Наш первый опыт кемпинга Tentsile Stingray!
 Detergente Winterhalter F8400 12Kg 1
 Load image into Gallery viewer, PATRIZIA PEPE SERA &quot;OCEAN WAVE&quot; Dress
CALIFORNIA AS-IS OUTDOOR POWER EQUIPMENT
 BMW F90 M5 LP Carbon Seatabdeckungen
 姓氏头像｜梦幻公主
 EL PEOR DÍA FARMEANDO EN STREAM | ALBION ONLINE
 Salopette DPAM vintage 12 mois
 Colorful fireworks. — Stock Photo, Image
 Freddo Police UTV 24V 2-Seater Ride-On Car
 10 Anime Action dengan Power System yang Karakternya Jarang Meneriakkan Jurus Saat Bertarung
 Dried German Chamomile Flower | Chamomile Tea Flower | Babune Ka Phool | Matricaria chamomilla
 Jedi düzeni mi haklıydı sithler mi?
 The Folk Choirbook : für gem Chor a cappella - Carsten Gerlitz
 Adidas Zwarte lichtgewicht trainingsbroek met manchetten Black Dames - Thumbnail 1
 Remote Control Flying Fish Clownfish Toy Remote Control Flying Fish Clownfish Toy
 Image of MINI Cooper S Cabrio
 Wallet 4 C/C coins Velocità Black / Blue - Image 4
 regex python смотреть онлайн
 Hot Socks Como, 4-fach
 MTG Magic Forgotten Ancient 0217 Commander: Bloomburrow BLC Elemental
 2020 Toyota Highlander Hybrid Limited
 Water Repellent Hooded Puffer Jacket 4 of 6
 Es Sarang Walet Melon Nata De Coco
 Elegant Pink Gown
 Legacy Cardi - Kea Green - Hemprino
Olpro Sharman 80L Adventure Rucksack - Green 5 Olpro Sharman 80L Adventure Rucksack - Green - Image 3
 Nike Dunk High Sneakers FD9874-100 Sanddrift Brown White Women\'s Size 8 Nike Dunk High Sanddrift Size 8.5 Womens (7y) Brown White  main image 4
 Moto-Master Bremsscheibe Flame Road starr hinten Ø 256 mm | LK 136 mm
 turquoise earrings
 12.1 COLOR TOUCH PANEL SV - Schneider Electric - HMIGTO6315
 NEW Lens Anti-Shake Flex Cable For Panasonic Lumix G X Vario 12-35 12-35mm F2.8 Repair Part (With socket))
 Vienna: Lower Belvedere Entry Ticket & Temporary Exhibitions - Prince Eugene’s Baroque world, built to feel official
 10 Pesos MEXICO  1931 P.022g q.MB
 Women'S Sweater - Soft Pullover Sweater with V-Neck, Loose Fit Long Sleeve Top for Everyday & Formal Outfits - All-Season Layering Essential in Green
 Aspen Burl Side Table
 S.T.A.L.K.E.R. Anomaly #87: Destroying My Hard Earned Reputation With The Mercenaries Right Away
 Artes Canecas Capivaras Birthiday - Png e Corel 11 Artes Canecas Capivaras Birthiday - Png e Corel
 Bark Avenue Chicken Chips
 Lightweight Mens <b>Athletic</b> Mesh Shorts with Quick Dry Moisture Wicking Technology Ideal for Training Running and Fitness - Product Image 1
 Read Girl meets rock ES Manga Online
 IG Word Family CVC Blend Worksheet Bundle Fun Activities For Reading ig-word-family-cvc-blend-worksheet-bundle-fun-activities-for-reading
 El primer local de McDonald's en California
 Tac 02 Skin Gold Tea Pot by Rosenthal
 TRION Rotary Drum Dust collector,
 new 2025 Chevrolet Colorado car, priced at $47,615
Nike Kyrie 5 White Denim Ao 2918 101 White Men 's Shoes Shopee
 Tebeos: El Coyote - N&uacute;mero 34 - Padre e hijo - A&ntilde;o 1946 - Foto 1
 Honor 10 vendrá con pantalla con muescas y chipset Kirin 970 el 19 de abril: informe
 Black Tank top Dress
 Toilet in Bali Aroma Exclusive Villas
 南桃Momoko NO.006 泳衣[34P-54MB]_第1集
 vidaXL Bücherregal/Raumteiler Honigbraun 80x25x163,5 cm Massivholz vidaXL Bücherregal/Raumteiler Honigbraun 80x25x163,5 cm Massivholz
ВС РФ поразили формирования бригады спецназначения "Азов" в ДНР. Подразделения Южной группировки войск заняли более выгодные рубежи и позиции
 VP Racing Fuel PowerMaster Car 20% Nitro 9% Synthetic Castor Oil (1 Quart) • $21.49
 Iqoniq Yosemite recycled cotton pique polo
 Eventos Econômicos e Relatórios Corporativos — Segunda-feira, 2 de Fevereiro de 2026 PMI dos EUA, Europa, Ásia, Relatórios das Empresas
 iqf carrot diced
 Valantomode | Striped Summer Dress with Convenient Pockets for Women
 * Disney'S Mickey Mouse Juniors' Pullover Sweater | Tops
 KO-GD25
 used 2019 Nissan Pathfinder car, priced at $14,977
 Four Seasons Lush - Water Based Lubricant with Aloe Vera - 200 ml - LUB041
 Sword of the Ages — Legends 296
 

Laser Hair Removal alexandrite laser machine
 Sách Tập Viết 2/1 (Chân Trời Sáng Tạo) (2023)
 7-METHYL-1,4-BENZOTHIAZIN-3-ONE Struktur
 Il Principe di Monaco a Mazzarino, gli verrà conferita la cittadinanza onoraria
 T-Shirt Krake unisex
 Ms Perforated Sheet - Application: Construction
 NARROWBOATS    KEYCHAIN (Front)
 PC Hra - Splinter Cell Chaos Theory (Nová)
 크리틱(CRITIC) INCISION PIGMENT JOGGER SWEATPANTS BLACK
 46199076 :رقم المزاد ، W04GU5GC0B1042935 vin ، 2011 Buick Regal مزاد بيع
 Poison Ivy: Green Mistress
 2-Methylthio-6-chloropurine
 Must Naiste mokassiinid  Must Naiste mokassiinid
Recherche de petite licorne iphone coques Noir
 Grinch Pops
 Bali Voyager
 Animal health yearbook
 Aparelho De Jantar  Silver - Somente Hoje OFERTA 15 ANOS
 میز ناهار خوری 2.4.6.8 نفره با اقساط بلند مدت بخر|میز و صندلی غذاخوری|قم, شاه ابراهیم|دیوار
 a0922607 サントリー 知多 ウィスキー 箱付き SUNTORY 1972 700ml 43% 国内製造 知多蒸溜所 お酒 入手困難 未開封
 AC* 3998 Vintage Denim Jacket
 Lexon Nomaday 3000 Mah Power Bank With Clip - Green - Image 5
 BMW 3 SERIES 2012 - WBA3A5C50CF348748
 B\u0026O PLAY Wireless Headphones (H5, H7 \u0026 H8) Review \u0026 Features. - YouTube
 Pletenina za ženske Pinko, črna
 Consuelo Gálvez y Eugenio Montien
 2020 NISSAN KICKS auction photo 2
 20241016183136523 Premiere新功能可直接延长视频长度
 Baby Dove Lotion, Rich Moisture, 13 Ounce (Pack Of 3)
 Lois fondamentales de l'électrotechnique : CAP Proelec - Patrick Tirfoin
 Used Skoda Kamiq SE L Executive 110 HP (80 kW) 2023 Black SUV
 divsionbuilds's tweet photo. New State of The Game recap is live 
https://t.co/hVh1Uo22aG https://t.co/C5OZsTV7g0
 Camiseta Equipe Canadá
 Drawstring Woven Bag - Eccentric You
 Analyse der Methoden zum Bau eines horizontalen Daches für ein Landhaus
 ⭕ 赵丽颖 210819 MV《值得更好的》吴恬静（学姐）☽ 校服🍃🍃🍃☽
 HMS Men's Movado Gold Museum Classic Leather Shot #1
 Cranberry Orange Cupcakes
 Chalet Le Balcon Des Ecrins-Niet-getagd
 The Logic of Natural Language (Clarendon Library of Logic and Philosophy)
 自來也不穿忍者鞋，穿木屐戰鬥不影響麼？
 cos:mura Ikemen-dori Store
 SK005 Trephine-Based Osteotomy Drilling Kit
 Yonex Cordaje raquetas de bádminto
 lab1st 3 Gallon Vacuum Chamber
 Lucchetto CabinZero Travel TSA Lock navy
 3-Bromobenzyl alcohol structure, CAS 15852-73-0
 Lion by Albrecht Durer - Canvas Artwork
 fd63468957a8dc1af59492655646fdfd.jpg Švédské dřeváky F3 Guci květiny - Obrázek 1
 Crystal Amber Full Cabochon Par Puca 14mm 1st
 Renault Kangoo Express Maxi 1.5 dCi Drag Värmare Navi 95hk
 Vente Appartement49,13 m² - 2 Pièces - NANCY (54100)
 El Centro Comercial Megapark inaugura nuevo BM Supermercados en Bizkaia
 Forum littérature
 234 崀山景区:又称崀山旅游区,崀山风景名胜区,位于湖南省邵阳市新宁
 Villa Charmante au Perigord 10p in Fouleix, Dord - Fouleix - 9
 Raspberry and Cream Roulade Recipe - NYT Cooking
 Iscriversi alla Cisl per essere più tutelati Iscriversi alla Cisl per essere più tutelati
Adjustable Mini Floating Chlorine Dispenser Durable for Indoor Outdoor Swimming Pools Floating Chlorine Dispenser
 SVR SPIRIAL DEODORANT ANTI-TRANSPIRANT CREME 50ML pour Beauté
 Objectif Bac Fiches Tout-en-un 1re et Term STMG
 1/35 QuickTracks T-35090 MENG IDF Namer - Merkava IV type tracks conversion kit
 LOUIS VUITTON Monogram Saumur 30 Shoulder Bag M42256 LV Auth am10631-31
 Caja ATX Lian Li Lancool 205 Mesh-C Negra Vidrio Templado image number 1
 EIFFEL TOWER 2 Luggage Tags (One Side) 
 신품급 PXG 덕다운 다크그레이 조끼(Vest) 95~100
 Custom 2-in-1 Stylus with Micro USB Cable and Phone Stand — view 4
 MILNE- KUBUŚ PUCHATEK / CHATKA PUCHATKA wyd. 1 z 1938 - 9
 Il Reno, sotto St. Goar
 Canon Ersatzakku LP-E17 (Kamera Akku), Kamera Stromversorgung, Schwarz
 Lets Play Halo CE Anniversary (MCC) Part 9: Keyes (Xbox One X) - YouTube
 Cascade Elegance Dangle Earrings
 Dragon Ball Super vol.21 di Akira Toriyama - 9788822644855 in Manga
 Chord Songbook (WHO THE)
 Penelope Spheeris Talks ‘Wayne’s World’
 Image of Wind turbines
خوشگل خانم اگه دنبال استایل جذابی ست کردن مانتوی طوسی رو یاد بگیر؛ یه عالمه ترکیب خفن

══════

WHAT TO PRODUCE
Every line holding the string "Nike" should be copied here, so please find those lines in the data.

SOLUTION TO THIS EXERCISE
 Nike Dunk High Sneakers FD9874-100 Sanddrift Brown White Women\'s Size 8 Nike Dunk High Sanddrift Size 8.5 Womens (7y) Brown White  main image 4
Nike Kyrie 5 White Denim Ao 2918 101 White Men 's Shoes Shopee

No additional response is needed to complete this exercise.